In 2018, the US federal government passed the Farm Bill – a bill which legalised hemp derived cannabidiol (CBD) products which contained less than 0.3% tetrahydrocannabinol (THC) content. THC is the psychoactive compound in cannabis and keeping the percentage under 0.3% means CBD products won't get you high. In 2019, Arkansas updated their legal definition of marijuana to suit the federal bill.
So why use them at all? Well, there have been promising early studies of how CBD can help with a range of ailments including inflammation, anxiety, epilepsy, arthritis pain and can even help you quit drinking and smoking.
CBD can be consumed in a wide variety of ways, too, including ingestible oil, edibles, topical creams and vapour. There are even cafes and bars in the UK which specialise in CBD products. In California, some dispensaries carry CBD-infused beer and there are a number of beverage companies investing in CBD research.

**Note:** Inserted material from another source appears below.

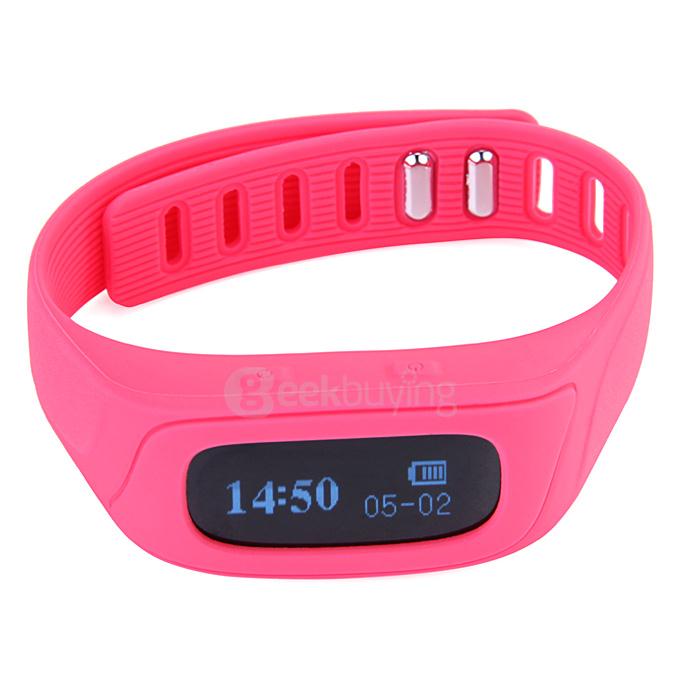SWB02B Bluetooth 4.0 Sports Smart Bracelet OLED Display Screen with Pedometer Sleep Monitor Alarm for Android iOS - Rose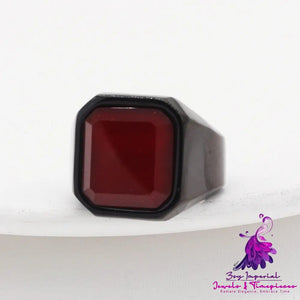 Men’s Fashion Simple Square Gem Tiger Eye Ring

The positive results from using CBD products have led to a number of high-profile sports professionals getting behind various companies, including skaters Tony Hawk and Matt Miller, NBA star Jay Williams and UFC fighter Liz Carmouche. Boxing legend Mike Tyson has even opened up his own cannabis resort in California.
In 2018, the Food and Drug Administration approved its first CBD product Epidolex whcih is used to treat epilepsy. This suggests there is a great potential for CBD products to become the norm, and with more research, this natural remedy could become the next miracle cure.